[Haskell-cafe] Re: Allowing hyphens in identifiers

Thu Dec 17 22:39:21 EST 2009

On Dec 17, 2009, at 4:45 AM, Ben Millwood wrote:
> By the way, I like camelCase because I think that in most cases you
> *don't* want to break identifiers up into their component words

My experience has been that in order to make sense of someone else's
code you *HAVE* to break identifiers into their component words.
With names like (real example) ScatterColorPresetEditor, the eye
*can't* take it in at once, and telling the difference between that
and ScatterColorPresentEditor would be a pain.  Break them up
Ada-style as Scatter_Colour_Preset_Editor and
Scatter_Colour_Present_Editor and you're away laughing.
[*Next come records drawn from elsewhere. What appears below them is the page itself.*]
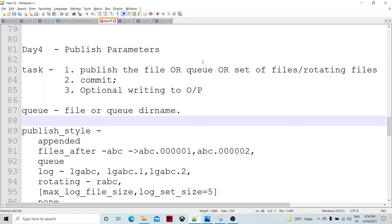The Publish component has to publish a file, a queue, a set of files, or a set of rotating files. Similarly, a subscriber consuming data from a file, a queue, or a set of files — the respective Publish component has to publish the queue, the file, or the set of files. The queue is one we create using MQ commands, and we can specify that queue name while publishing data to it. We are talking about Abinitio Publish, which works on Abinitio Queue, native queue, and also sets of files.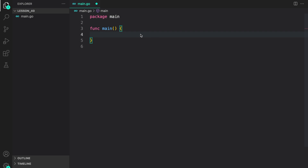Hello everyone, welcome to lesson 40 of our Golang course. In this lesson we are going to practice whatever we went through in the last lesson when we talked about different uses of pointers. So let's get started.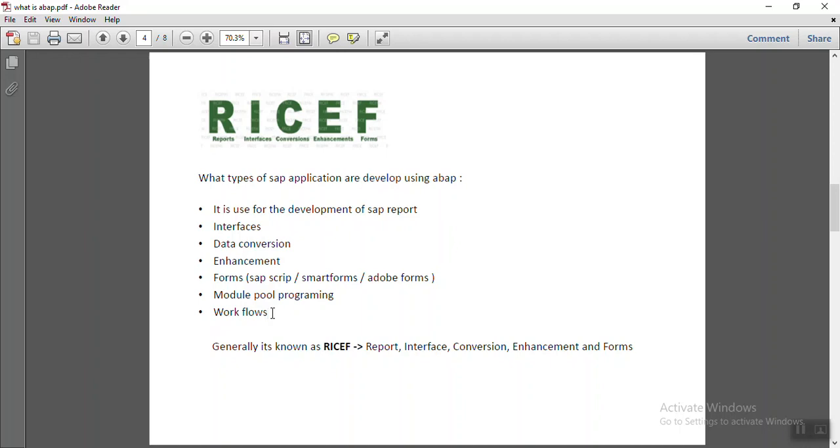Like this, in SAP, most of the places we require many kinds of approvals. For making that approval process, we make use of workflows.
Here's another *real* baStudlyCaps identifier taken from a real
(and useful) program someone else wrote:
WEKA_AttributeSelectionEvaluationRanker_SymmetricalUncert

> - you
> read and understand what the function does once, and then you use it
> as a word in its own right.

I defy anyone to recognise
WEKA_AttributeSelectionEvaluationRanker_SymmetricalUncert
as a word in its own right.

> Any resemblance to actual English is
> really just a mnemonic of sorts.

Take a look at another typical example of the genre:
TransformerFactoryConfigurationError
"transformer factory configuration error" -- the resemblance
to actual English is more than accidental.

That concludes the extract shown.